I fight my way through, top to bottom, probably bruised from all the pushing. At the lifts, it’s the same story. Me and a few others wait, but a gaggle of burqa’d women with buggies and half a dozen kids each barge in front. Someone mutters, “There’s a queue, you know,” and gets a hand waved in their face, probably a curse in whatever language they’re spitting. Irony’s sweet, though—the other lift arrives first, and they miss it, too packed to fit. Fuck ‘em. I hit the checkout, pay, and bolt.

An hour later, I’m back on the ramp to New Street station. Those two bodies are still there, still not moving, still ignored. People step around them, eyes glued to their McDonald’s bags. Selfishness, apathy—that’s the Birmingham I know. I just want a train to get the fuck out of here.
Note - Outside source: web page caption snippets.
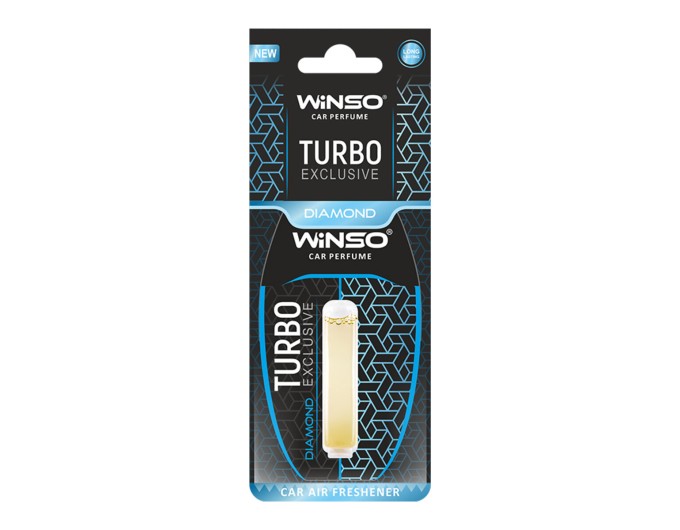 Освежитель воздуха с капсулой Winso Turbo Exclusive - Diamond, цена: 83 грн.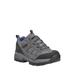 Wide Width Men's Propet Ridgewalker Low Men'S Hiking Shoes by Propet in Grey Blue (Size 8 W)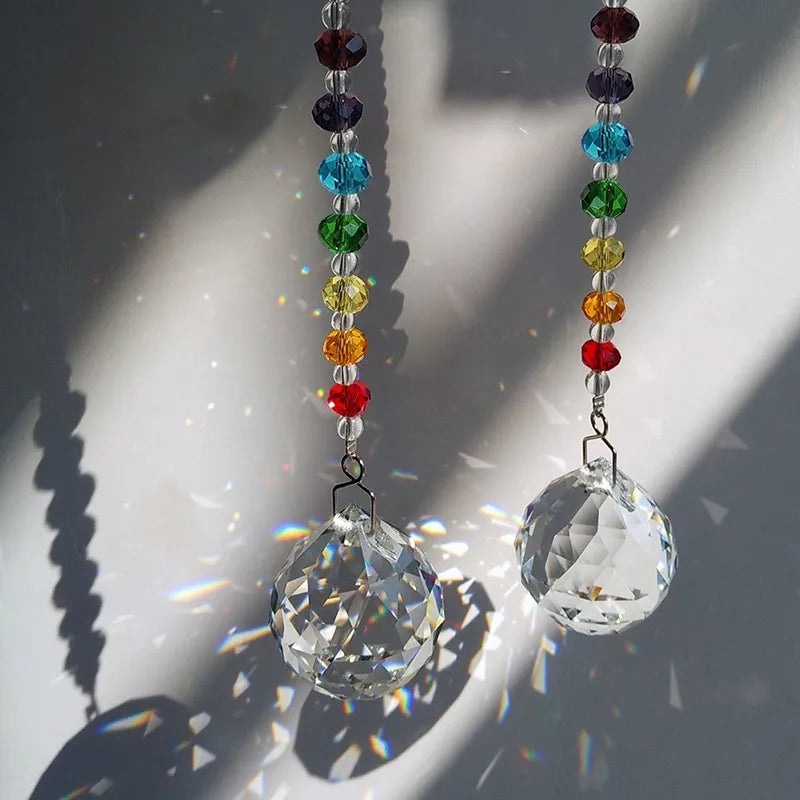 Crystal Sun Catcher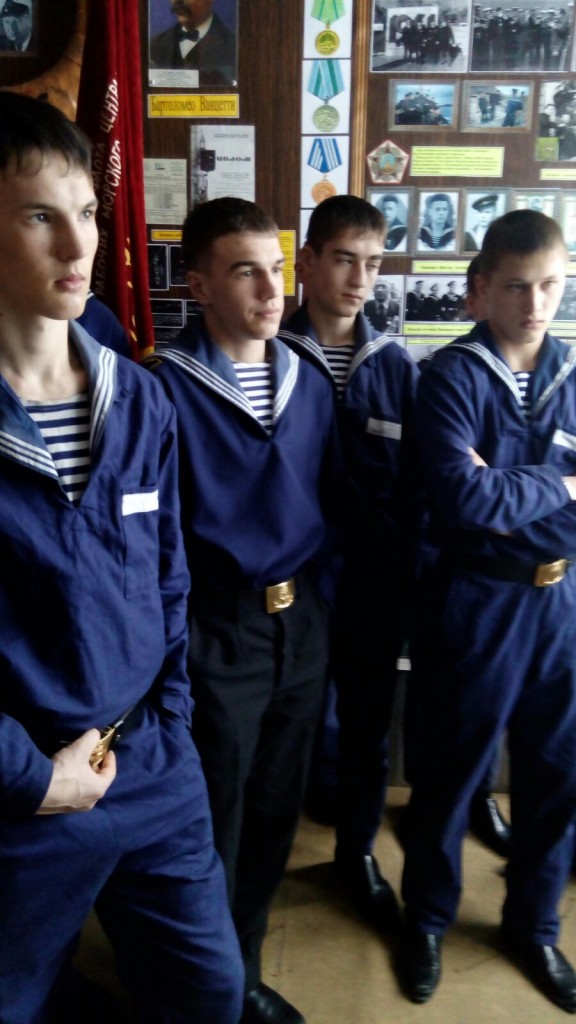 ЛЕКЦИЯ В МУЗЕЕ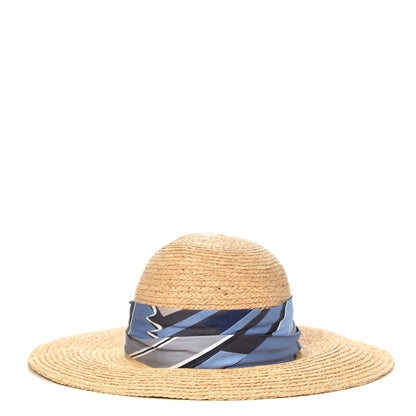 Hermes Straw Sun Hat 56 3 of 5
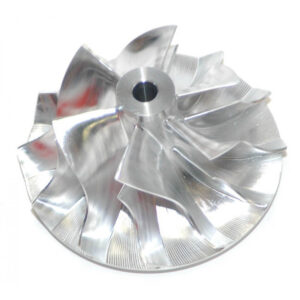 Stainless Diesel S300 Billet 6 Blade 63MM Compressor Wheel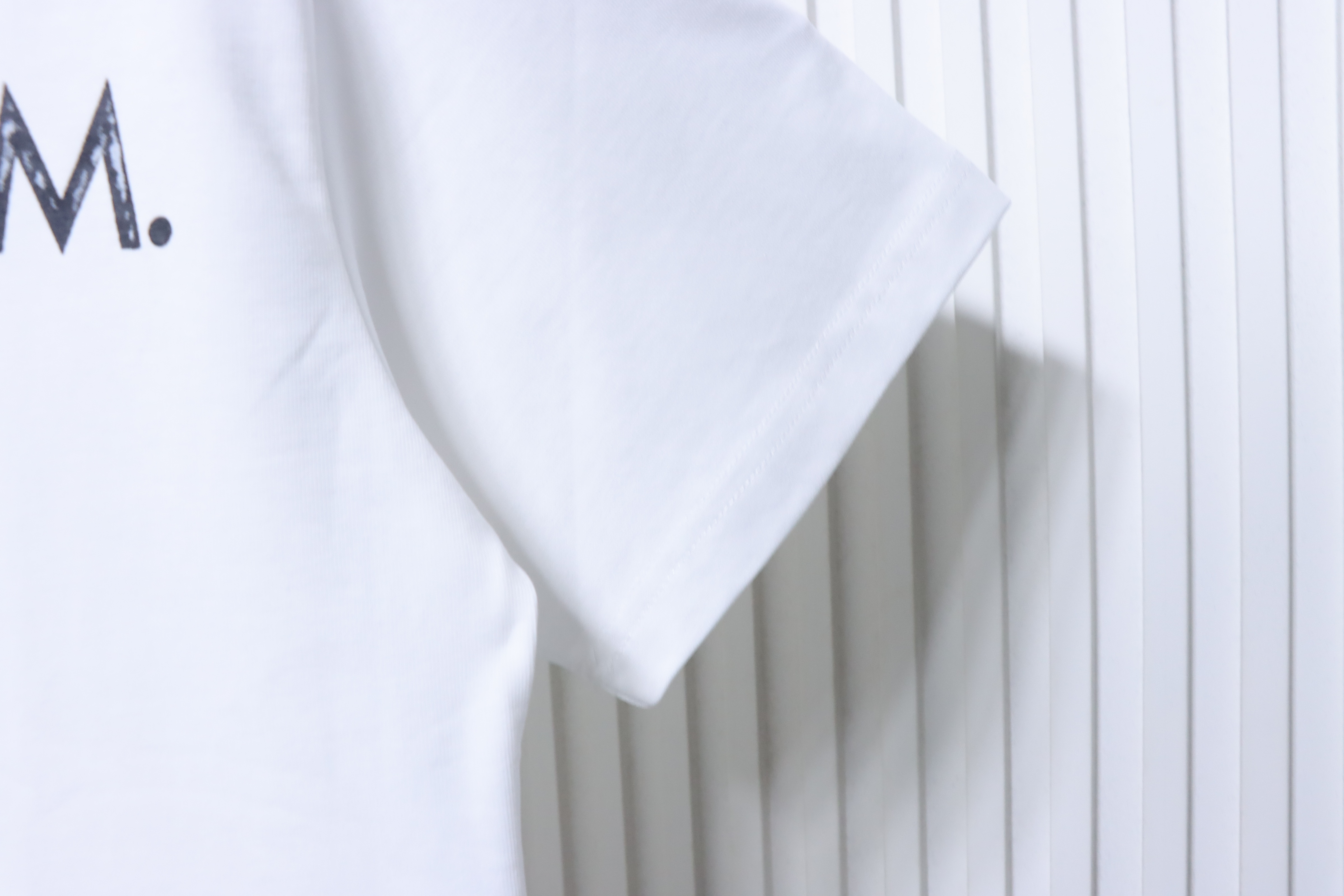 LOUIS VUITTON Letter Print Short Sleeve T-Shirt
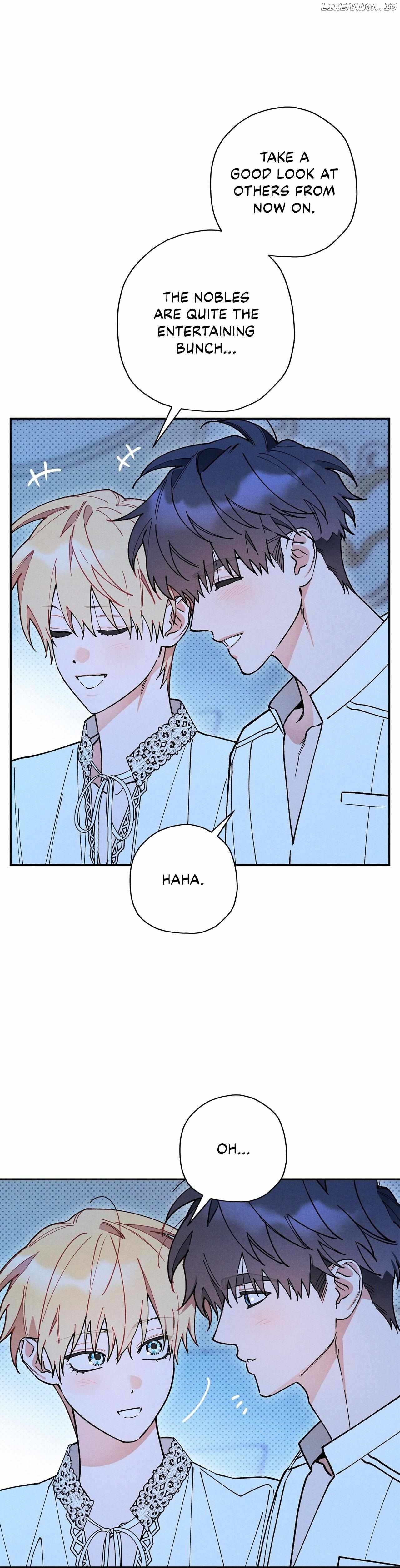The Rogue Prince Is Secretly an Omega Chapter 55 - page 27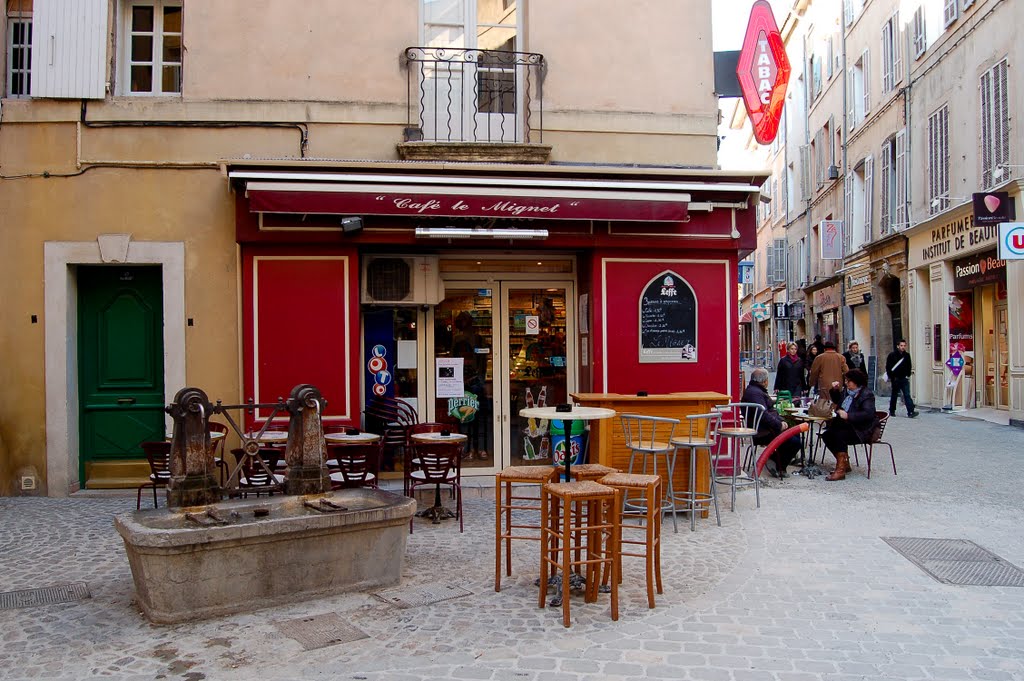 La Fontaine des deux canons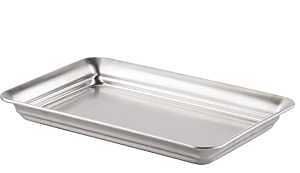 2870 VANITY TRAY BRUSHED SATIN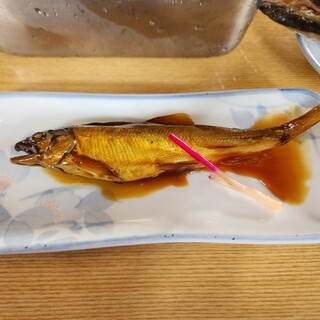 板取川 洞戸観光ヤナ_1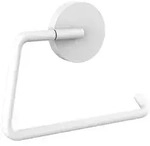 emco round Toilettenpapierhalter ohne Deckel, beweglich, 430013900, Farbe: wei&szlig;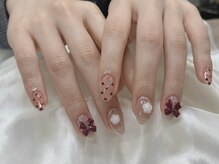 インザピンクリリー(in the pink LILY)/ちゅるん/ハートネイル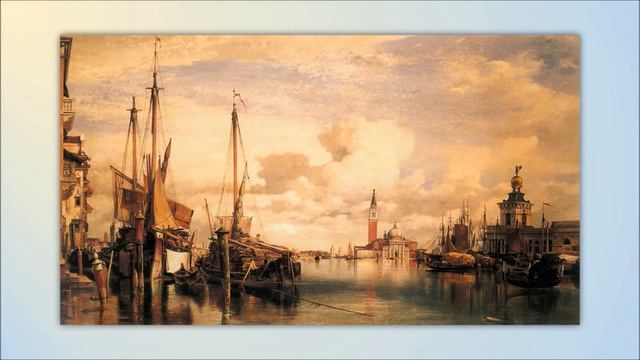 Маринист Эдвард Уильям Кук (Edward William Cooke, 1811—1880) смотреть онлайн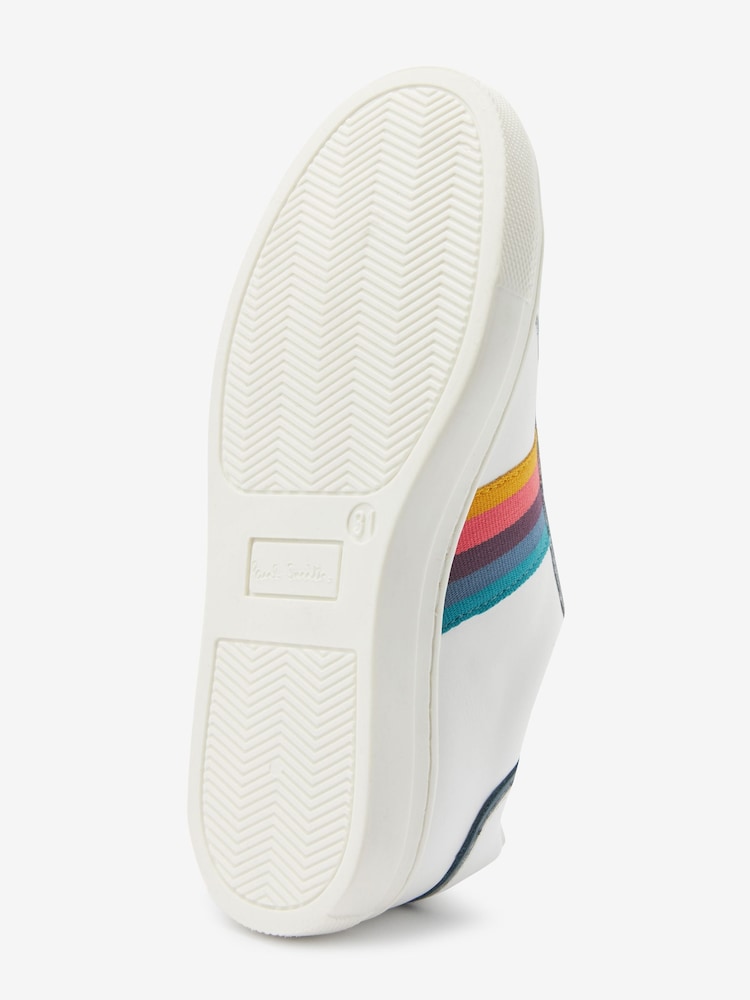 Paul Smith Junior Unisex 'Artist Stripe' Trainers - Image 5 of 5
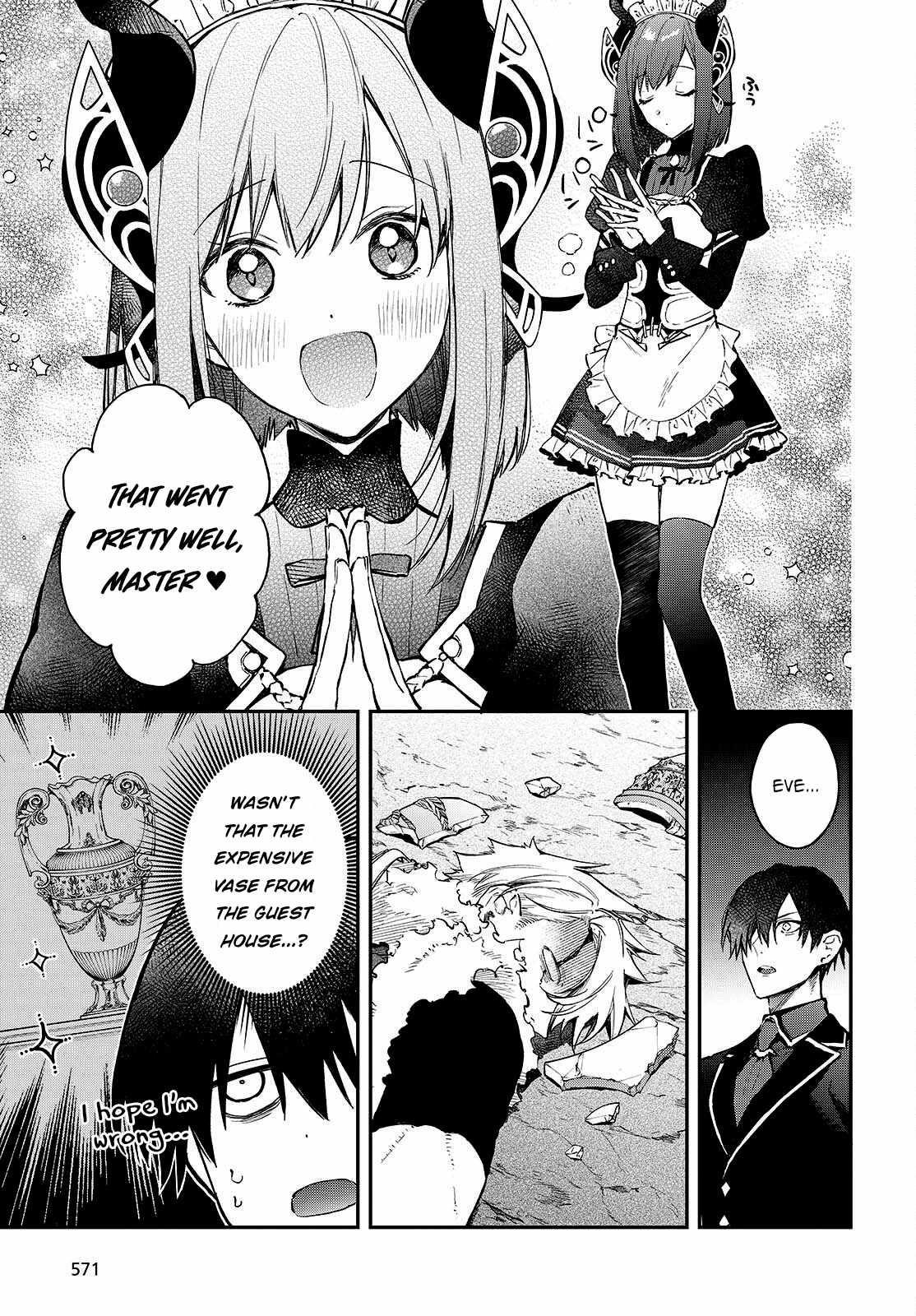 Realist Maou Niyoru Seiiki Naki Isekai Kaikaku Chapter 58 - Page 11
Sitting at the station, that “When in Rome” shit hits me again. When we go abroad, we play nice. We respect the locals, learn a few words, try not to be dicks. But here? It’s not reciprocal. This is why Reform and those racist pricks are gaining ground—not because immigrants are “stealing jobs” or whatever bullshit they’re peddling, but because people are bringing their cultures wholesale and expecting us to bend. They hide their faces, we don’t. They demand we accept their ways, but won’t respect ours. It’s a double-edged sword, and both sides are bleeding.

I don’t care about your skin or your sky daddy. I care about how you treat people. And right now, Birmingham’s failing that test. It’s not about race—it’s about respect, or the lack of it. This city’s a mirror, and it’s showing us all the cracks. Fix it, or we’re all fucked.

But at least he liked his new jacket—Spider out.